Maybe so, but rock writers take their work to heart.
“Creem was my magazine when I was a kid,” said Bill Holdship. “I became a rock writer because of Lester Bangs. Other kids wanted to be rock stars. I wanted to be Lester Bangs.”
Holdship eventually became co-editor of the old Creem in its final years, after Bangs died. He was expected to continue on as head of the new version but pulled out several months before it went to press.
“I’m kind of disappointed,” he said. “I would like to have seen Creem come back in the old style. But when Marvin started talking to me about Adam Ant fashion spreads and Lisa Bonet fashion spreads, I had some trouble with that.”
Indeed, where the old Creem might have poked fun at rock fashion, the new version runs a monthly photo spread.
“The old Creem would have made fun of the new Creem,” Holdship said.
Jarrett seems somewhat bothered by such remarks. He’s already received hate mail from loyal, old-time readers. They begin with “Dear Mr.” followed by words that can’t be listed here.
Seidenberg, for his part, shrugs and says he expected a little heat.

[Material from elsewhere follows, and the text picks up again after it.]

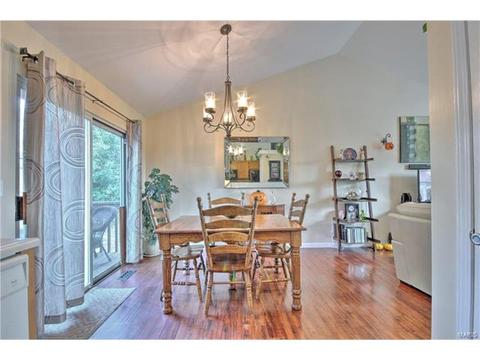 633 Longhorn Dr, O'fallon, MO 63368 photo 7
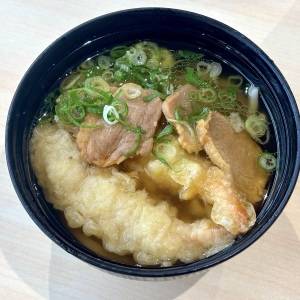 腰が抜けるほどウマいよ……。【はま寿司】の大人気商品が最高だった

“Some people say it’s blasphemous that we didn’t want to have a dozen Lester Bangs write-alikes,” he said. “The idea here is to be smart and have a sense of humor and be loose. I think that’s what we can share with the old Creem.”
If the new Creem can be smart and funny, if the magazine’s voice can grow as personal--albeit different--and vivid as its predecessor, then Jarrett and Seidenberg will have the last laugh and the detractors may come off looking like bitter old men whom time has passed by. But that’s a big if .
“I challenge anybody,” Seidenberg said, “to give us a little time.”